Records from a data collection:

--- START ---

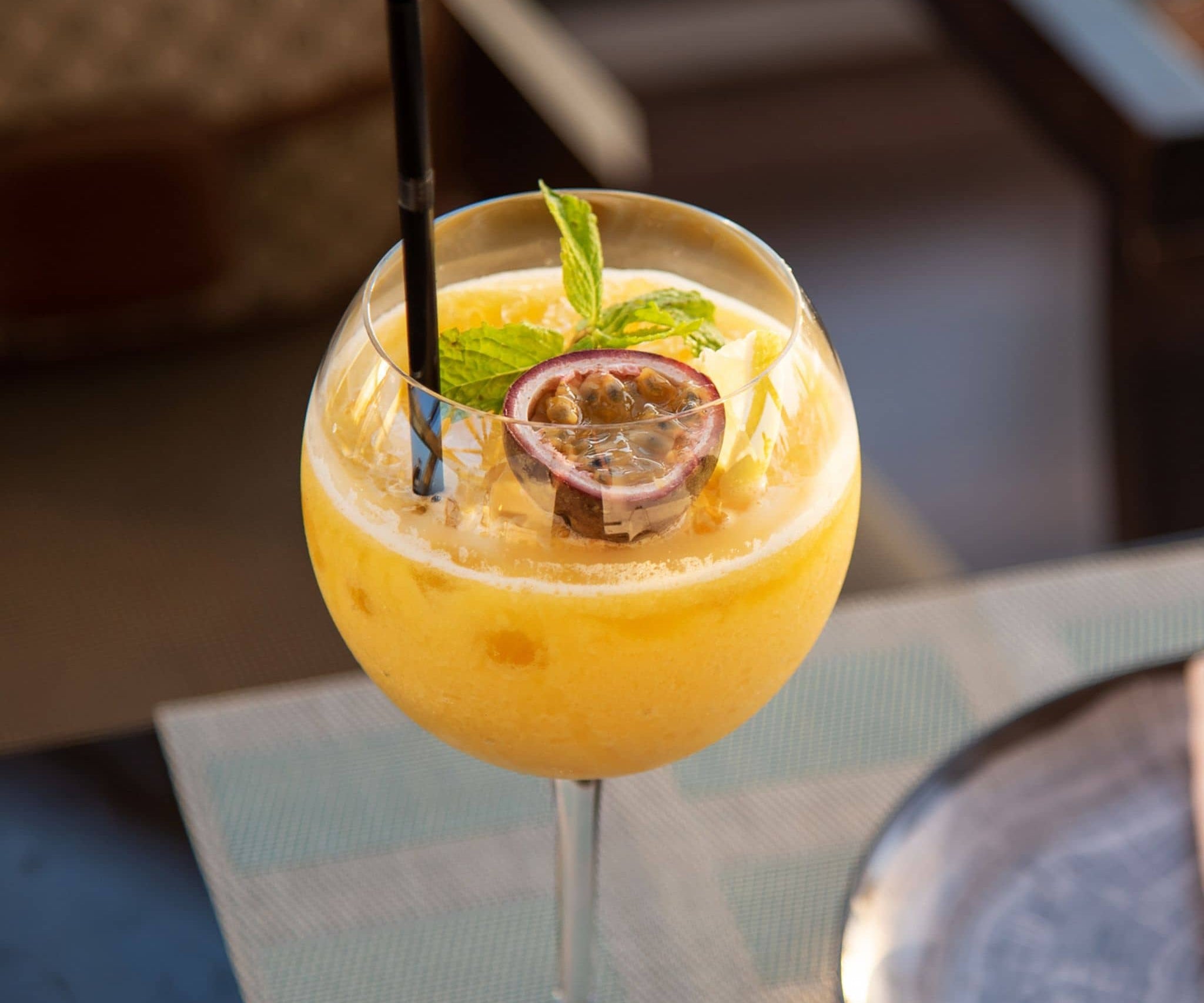 Passionfruit cocktail in a glass with a straw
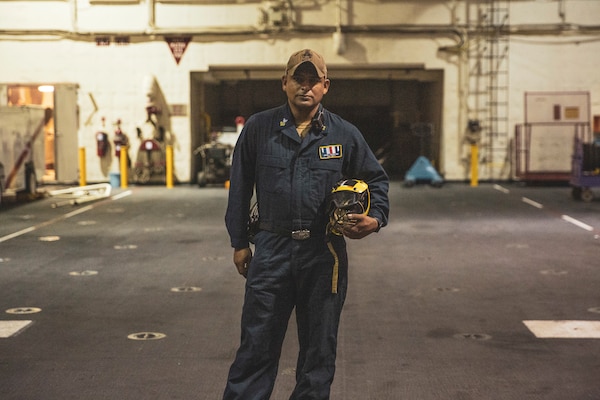 220105-M-AU949-0175 ARABIAN GULF (Jan. 5, 2022) – Aviation Boatswain’s Mate 1st Class Juan Troncoso poses for a photo in the bay hangar aboard the Expeditionary Sea Base USS Lewis B. Puller (ESB 3) Jan. 5. The Puller deployed to the U.S. 5th Fleet area of operations in support of naval operations to ensure maritime stability and security in the Central Region, connecting the Mediterranean and Pacific through the Western Indian Ocean and three strategic choke points. (U.S. Marine Corps photo by Staff Sgt. Victor A. Mancilla)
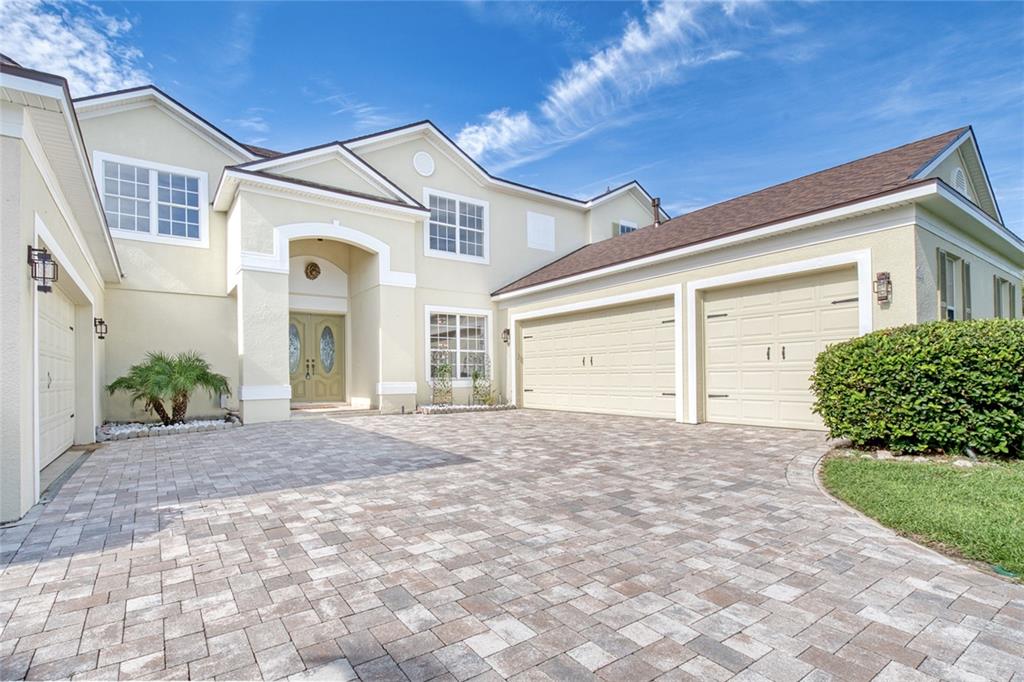 A two-story house with a paved driveway, three garage doors, and a light-colored stucco exterior — 2924 MAJESTIC ISLE DRIVE, CLERMONT, FL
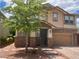 Charming two-story home boasts a beautifully designed exterior and a well-maintained front yard at 5627 Spanish Valor Rd, Las Vegas, NV 89135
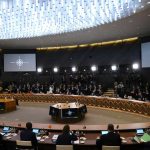 Conference room with large round table and attendees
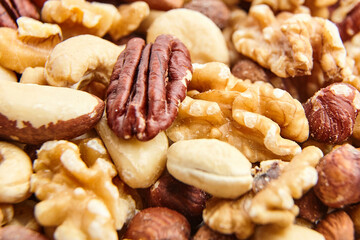 Detailed macro view of assorted nuts featuring pecans, walnuts, Brazil nuts, hazelnuts, cashews, and almonds. Perfect for healthy snacking or cooking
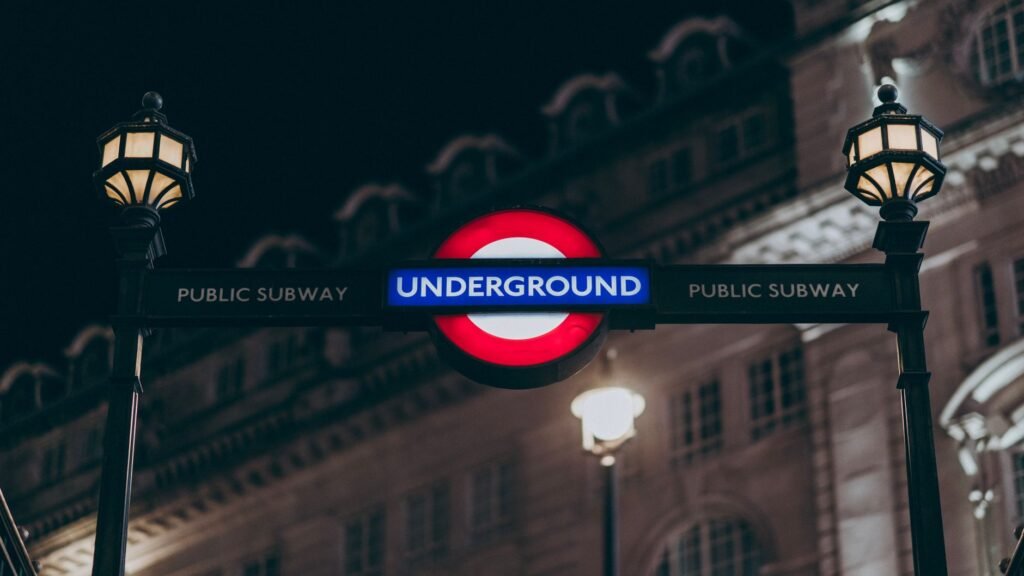 Illuminated London Underground sign with lamp posts at night.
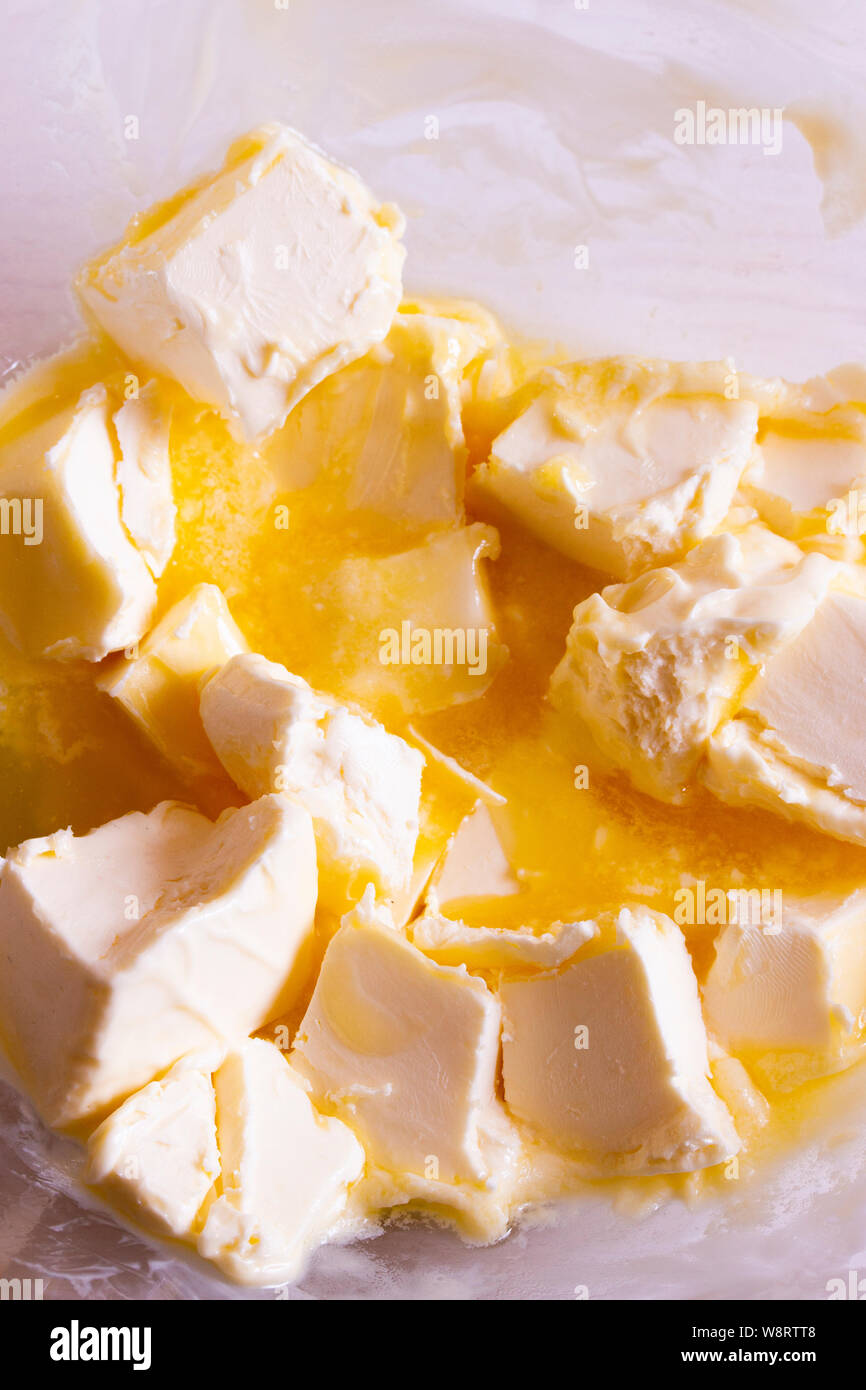 Slices of butter melt, soft butter, melted, basis for home baking cake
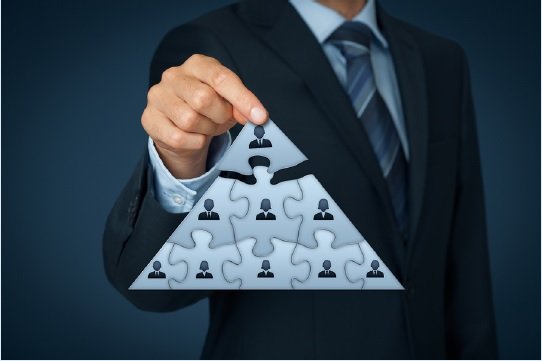 Business man holding up a puzzle piece shaped like a pyramid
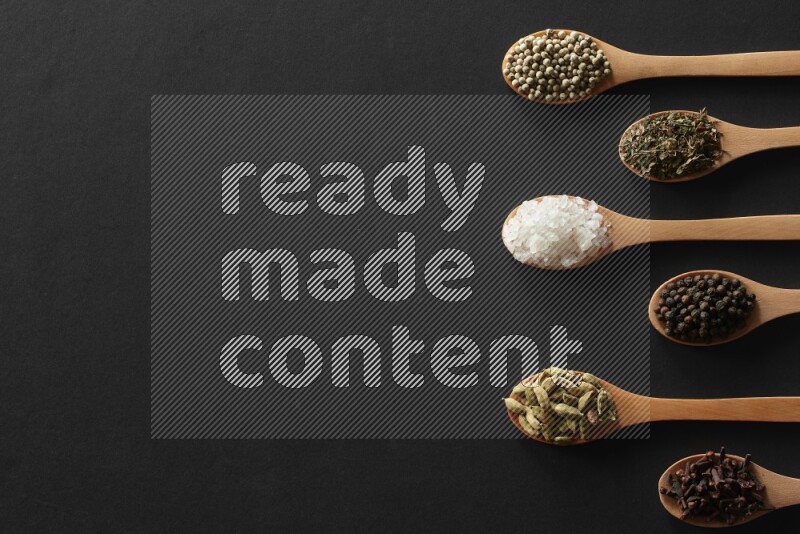 wooden spoons filled with white peppers, cloves, cardamom, salt, black peppers and basil on black flooring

--- END ---

Problem statement:
The stretch to restate runs from the line above containing "Charming two-story home" through the line containing "Business man holding". Copy it word for word, ends included, without pictures.

Result of the task:
 Charming two-story home boasts a beautifully designed exterior and a well-maintained front yard at 5627 Spanish Valor Rd, Las Vegas, NV 89135
 Conference room with large round table and attendees
 Detailed macro view of assorted nuts featuring pecans, walnuts, Brazil nuts, hazelnuts, cashews, and almonds. Perfect for healthy snacking or cooking
 Illuminated London Underground sign with lamp posts at night.
 Slices of butter melt, soft butter, melted, basis for home baking cake
 Business man holding up a puzzle piece shaped like a pyramid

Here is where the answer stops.